● **Your instructions**
Please write the data out once more, exactly as it is given.
:: Information supplied
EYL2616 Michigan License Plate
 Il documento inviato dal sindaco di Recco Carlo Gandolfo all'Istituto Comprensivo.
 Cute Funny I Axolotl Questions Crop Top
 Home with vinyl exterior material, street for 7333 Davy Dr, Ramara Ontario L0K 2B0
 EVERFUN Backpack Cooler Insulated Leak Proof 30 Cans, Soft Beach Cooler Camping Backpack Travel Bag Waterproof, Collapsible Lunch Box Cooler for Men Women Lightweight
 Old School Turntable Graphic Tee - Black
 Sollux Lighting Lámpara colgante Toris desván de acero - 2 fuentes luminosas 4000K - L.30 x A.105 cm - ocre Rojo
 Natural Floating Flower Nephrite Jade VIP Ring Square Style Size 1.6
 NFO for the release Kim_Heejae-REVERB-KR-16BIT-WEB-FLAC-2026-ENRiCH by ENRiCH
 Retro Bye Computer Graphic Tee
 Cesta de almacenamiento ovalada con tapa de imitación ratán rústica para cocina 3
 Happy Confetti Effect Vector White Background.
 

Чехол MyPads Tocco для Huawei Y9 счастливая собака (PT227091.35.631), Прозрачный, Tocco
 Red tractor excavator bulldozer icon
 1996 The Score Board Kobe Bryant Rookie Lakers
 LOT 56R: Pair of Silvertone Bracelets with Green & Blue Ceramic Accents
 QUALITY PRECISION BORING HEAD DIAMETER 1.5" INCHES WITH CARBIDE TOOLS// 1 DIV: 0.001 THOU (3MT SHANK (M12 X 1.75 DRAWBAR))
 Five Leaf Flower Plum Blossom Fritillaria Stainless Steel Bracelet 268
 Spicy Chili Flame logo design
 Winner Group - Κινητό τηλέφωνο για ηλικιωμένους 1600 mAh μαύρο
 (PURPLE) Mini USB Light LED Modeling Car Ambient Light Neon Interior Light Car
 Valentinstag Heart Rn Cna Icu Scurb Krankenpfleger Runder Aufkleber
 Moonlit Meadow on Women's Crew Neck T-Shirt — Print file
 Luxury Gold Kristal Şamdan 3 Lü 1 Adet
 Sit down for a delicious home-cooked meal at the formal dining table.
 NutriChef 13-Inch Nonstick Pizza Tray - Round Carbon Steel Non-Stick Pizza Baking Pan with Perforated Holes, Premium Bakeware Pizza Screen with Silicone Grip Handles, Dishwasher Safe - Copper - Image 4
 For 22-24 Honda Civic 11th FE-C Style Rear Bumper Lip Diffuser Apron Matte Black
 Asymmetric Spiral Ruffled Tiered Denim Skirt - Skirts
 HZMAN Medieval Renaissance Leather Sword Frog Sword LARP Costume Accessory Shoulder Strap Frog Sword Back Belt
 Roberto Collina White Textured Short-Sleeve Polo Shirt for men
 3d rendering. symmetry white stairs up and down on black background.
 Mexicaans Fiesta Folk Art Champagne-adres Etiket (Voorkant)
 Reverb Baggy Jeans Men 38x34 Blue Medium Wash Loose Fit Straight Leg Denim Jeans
::::
● **Response area**
EYL2616 Michigan License Plate
 Il documento inviato dal sindaco di Recco Carlo Gandolfo all'Istituto Comprensivo.
 Cute Funny I Axolotl Questions Crop Top
 Home with vinyl exterior material, street for 7333 Davy Dr, Ramara Ontario L0K 2B0
 EVERFUN Backpack Cooler Insulated Leak Proof 30 Cans, Soft Beach Cooler Camping Backpack Travel Bag Waterproof, Collapsible Lunch Box Cooler for Men Women Lightweight
 Old School Turntable Graphic Tee - Black
 Sollux Lighting Lámpara colgante Toris desván de acero - 2 fuentes luminosas 4000K - L.30 x A.105 cm - ocre Rojo
 Natural Floating Flower Nephrite Jade VIP Ring Square Style Size 1.6
 NFO for the release Kim_Heejae-REVERB-KR-16BIT-WEB-FLAC-2026-ENRiCH by ENRiCH
 Retro Bye Computer Graphic Tee
 Cesta de almacenamiento ovalada con tapa de imitación ratán rústica para cocina 3
 Happy Confetti Effect Vector White Background.
 

Чехол MyPads Tocco для Huawei Y9 счастливая собака (PT227091.35.631), Прозрачный, Tocco
 Red tractor excavator bulldozer icon
 1996 The Score Board Kobe Bryant Rookie Lakers
 LOT 56R: Pair of Silvertone Bracelets with Green & Blue Ceramic Accents
 QUALITY PRECISION BORING HEAD DIAMETER 1.5" INCHES WITH CARBIDE TOOLS// 1 DIV: 0.001 THOU (3MT SHANK (M12 X 1.75 DRAWBAR))
 Five Leaf Flower Plum Blossom Fritillaria Stainless Steel Bracelet 268
 Spicy Chili Flame logo design
 Winner Group - Κινητό τηλέφωνο για ηλικιωμένους 1600 mAh μαύρο
 (PURPLE) Mini USB Light LED Modeling Car Ambient Light Neon Interior Light Car
 Valentinstag Heart Rn Cna Icu Scurb Krankenpfleger Runder Aufkleber
 Moonlit Meadow on Women's Crew Neck T-Shirt — Print file
 Luxury Gold Kristal Şamdan 3 Lü 1 Adet
 Sit down for a delicious home-cooked meal at the formal dining table.
 NutriChef 13-Inch Nonstick Pizza Tray - Round Carbon Steel Non-Stick Pizza Baking Pan with Perforated Holes, Premium Bakeware Pizza Screen with Silicone Grip Handles, Dishwasher Safe - Copper - Image 4
 For 22-24 Honda Civic 11th FE-C Style Rear Bumper Lip Diffuser Apron Matte Black
 Asymmetric Spiral Ruffled Tiered Denim Skirt - Skirts
 HZMAN Medieval Renaissance Leather Sword Frog Sword LARP Costume Accessory Shoulder Strap Frog Sword Back Belt
 Roberto Collina White Textured Short-Sleeve Polo Shirt for men
 3d rendering. symmetry white stairs up and down on black background.
 Mexicaans Fiesta Folk Art Champagne-adres Etiket (Voorkant)
 Reverb Baggy Jeans Men 38x34 Blue Medium Wash Loose Fit Straight Leg Denim Jeans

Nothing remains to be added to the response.